The American holly tree has been popular since the beginning of American history, having served Natives with wood for different applications and berries that were used for buttons and barter. It was said to be a favorite of George Washington, and more than a dozen hollies he planted are still evident today. The first scientific observation of the American Holly tree was recorded in 1744.
Holly sparked spiritual status and a place in traditions dating back to ancient Rome and Saturn, the Sun God. Romans used holly to ward off lightning strikes, and they often included it as a decoration when giving gifts. Druids hallowed the evergreen plant, appreciating its greenness in the drab winter landscape. To them, holly became a hair ornament and outdoor home decoration that offered woodland fairies a place of shelter.
Early Christians borrowed the holly traditions when Christmas became established around the same time in the annual calendar as winter solstice. They saw a crown of thorns in the plant and the red drops of Christ’s blood. When colonists came to America shortly before Christmas of 1620, they were delighted to find the American version of the English holly they left behind. Eventually, the use of holly around Christmas became more popular after the release of The Night Before Christmas around 1822. By 1851, it was reported that 250,000 bunches of holly boughs were sold annually.
Holly sprigs are widely known as the everlasting symbol of Christmas cheer. But holly as a tree offers much more. American holly has captivated plant lovers since the days of the Pilgrims. It is such an appealing tree that Delaware adopted it as the state’s official tree.

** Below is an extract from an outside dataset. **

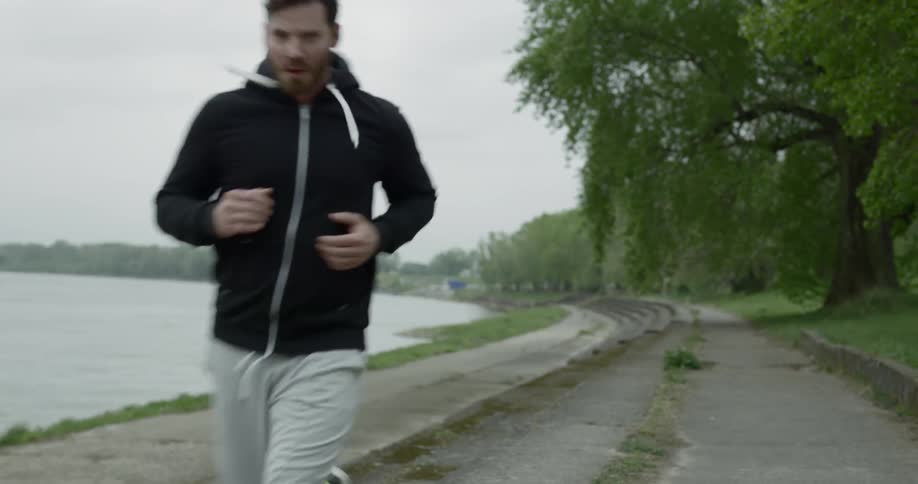 A white male in a black hooded sweatshirt runs on a paved path next to a lake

It lends unique beauty to the landscape all year long, provides cover and food for birds, and has been developed into more than 1,000 cultivars by enthusiastic holly buffs.
In the Landscape
American holly is highly versatile in the landscape. It can be used as a specimen tree or the focal point of attention. It can be grouped to provide a dense corner planting or backdrop. It also makes a great tree for parking lots, buffer strips, sidewalk, and street plantings, and as a screen for privacy or to block unsightly facilities. As a hedge, it provides a nearly impenetrable barrier both visually and physically.
The tree has leathery dark-green leaves and red berries that are popular with wildlife including quail, wild turkeys, and other songbirds. It’s slow growing, but provides nice privacy as it matures, reaching up to 50 feet (hardiness zones 5-9). It’s encouraged to plant multiples of four or more to allow for cross-pollination to produce the red berries.